I don’t know what her future holds and honestly? I’m okay with that. God does know her future and that’s good enough for me!
Someone asked me recently how the future looked for my daughters. You know, since the Ehlers-Danlos Syndrome(EDS) diagnosis. I admit, I was slightly taken aback. It was said with a tone of pity. The tone that automatically put thoughts in my head of all the “what ifs” that can happen with EDS. Frankly, for a few days I just felt completely drained and depressed.
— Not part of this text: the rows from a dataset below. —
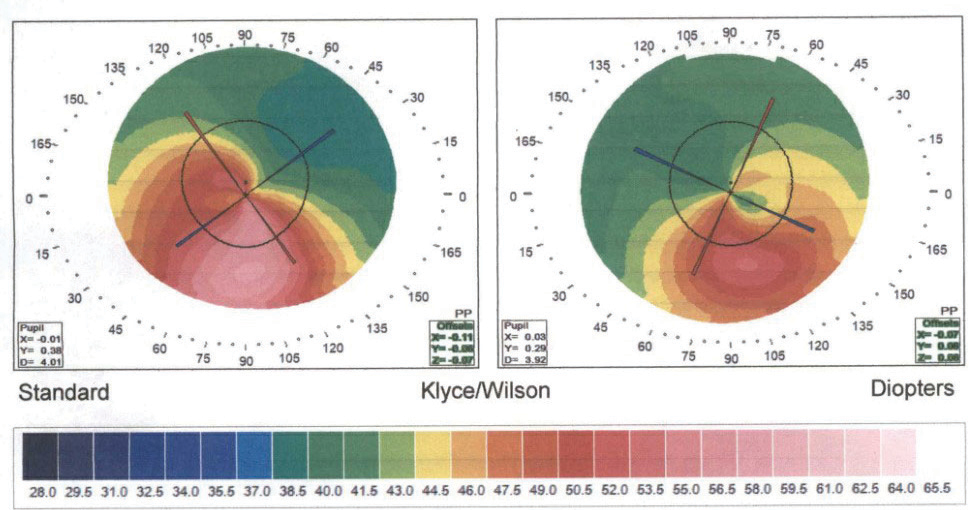 The corneal topography of a 20-year-old who has undergone CXL shows irregular inferior steepening consistent with keratoconus in the right eye more so than the left. Data collected annually will continue to assess for corneal stability vs. progression.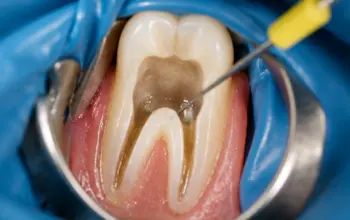 Close-up view of a tooth during pediatric root canal treatment to remove infected dental pulp.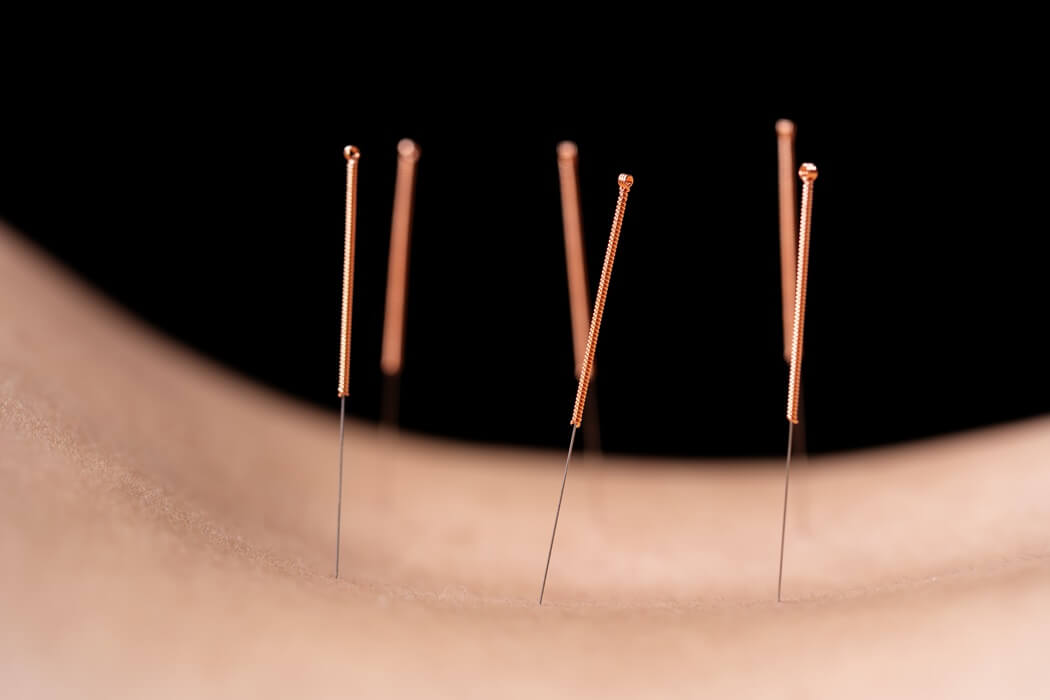 aupuncture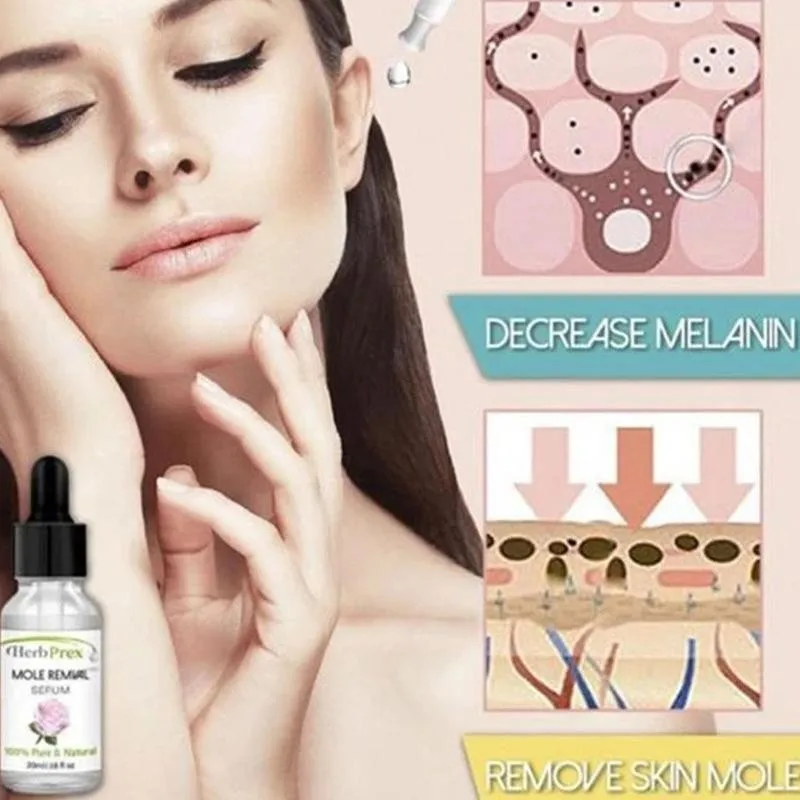 

20mL Liquid Wart Mole Removal Serum Organic Tags Solutions Serum Skin Tag Mole Freckle Spot Fast Remover Essence Skin Care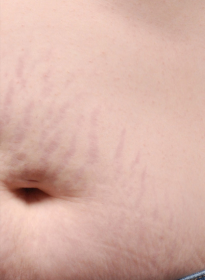 Stretch-Mark-before-2 Houston Wellness & Aesthetics|Before and After Gallery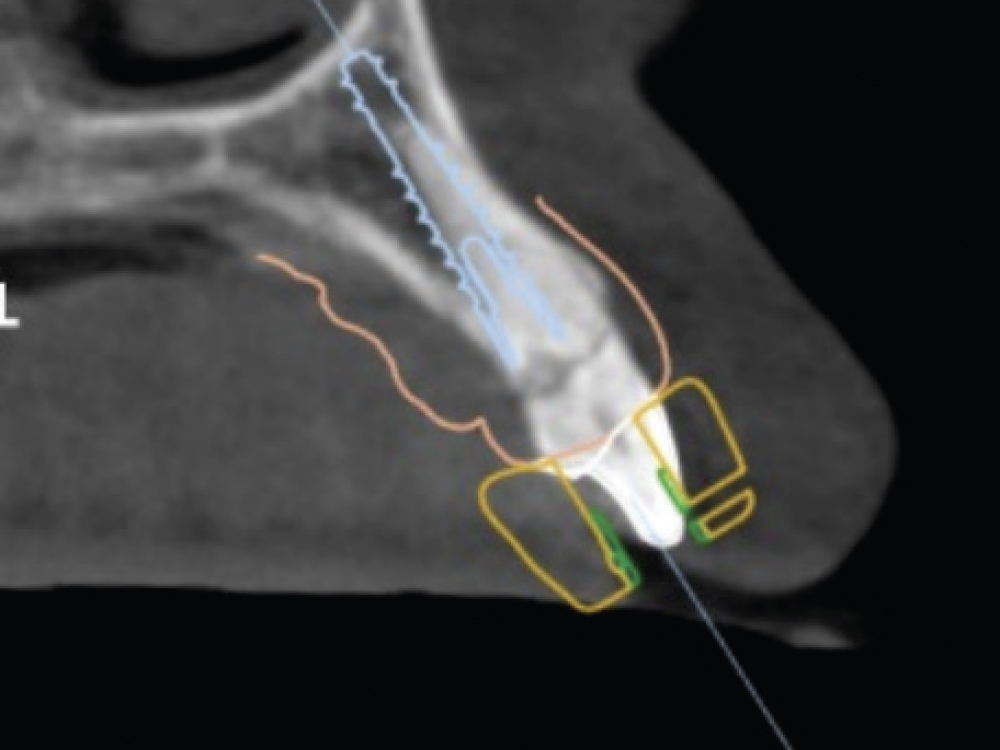A CBCT scan was taken to evaluate the quantity and quality of the surrounding bone.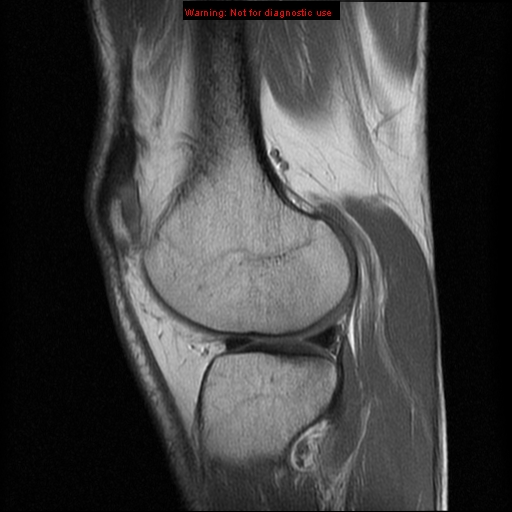 File:Anterior cruciate ligament injury - partial thickness tear (Radiopaedia 12176-12515 Sagittal PD 14).jpg
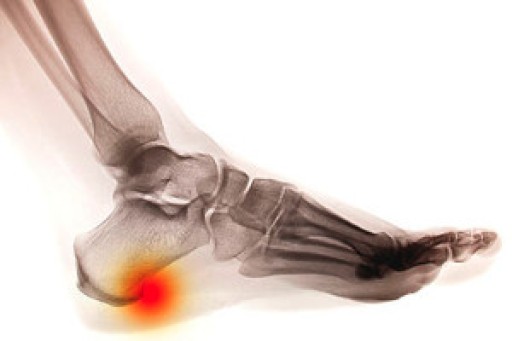 How to Treat Heel Spurs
How can I know that my daughters will be okay? How can I know that everything is going to turn out exactly how it should? What if she ends up in a wheelchair? What if she has heart problems? What if x, y, or z all flew to my mind when I was asked this question and I really didn’t know how to respond.
When I was asked this question, I started to panic. I spent a good week just going over things in my mind. You know all the normal things parents worry about? Well, I don’t just have to worry if my child will go to college and do well. I have to worry if she can even survive going to college. Can she keep up with the demands? Would she be able to live by herself at that point or need special considerations getting to and from class?
Then I thought about her future spouse. I don’t only have to worry about her finding a good, loving spouse but also one that is going to understand her physical needs. Will he support her? What if she can’t work and contribute towards the home? Will she be able to carry children or will it be too hard for her? Will her future spouse understand if she wants to adopt rather than have biological children? Will he be prepared for the possibility that she could pass this condition on to their children and can he cope with things if that child does in fact inherit EDS?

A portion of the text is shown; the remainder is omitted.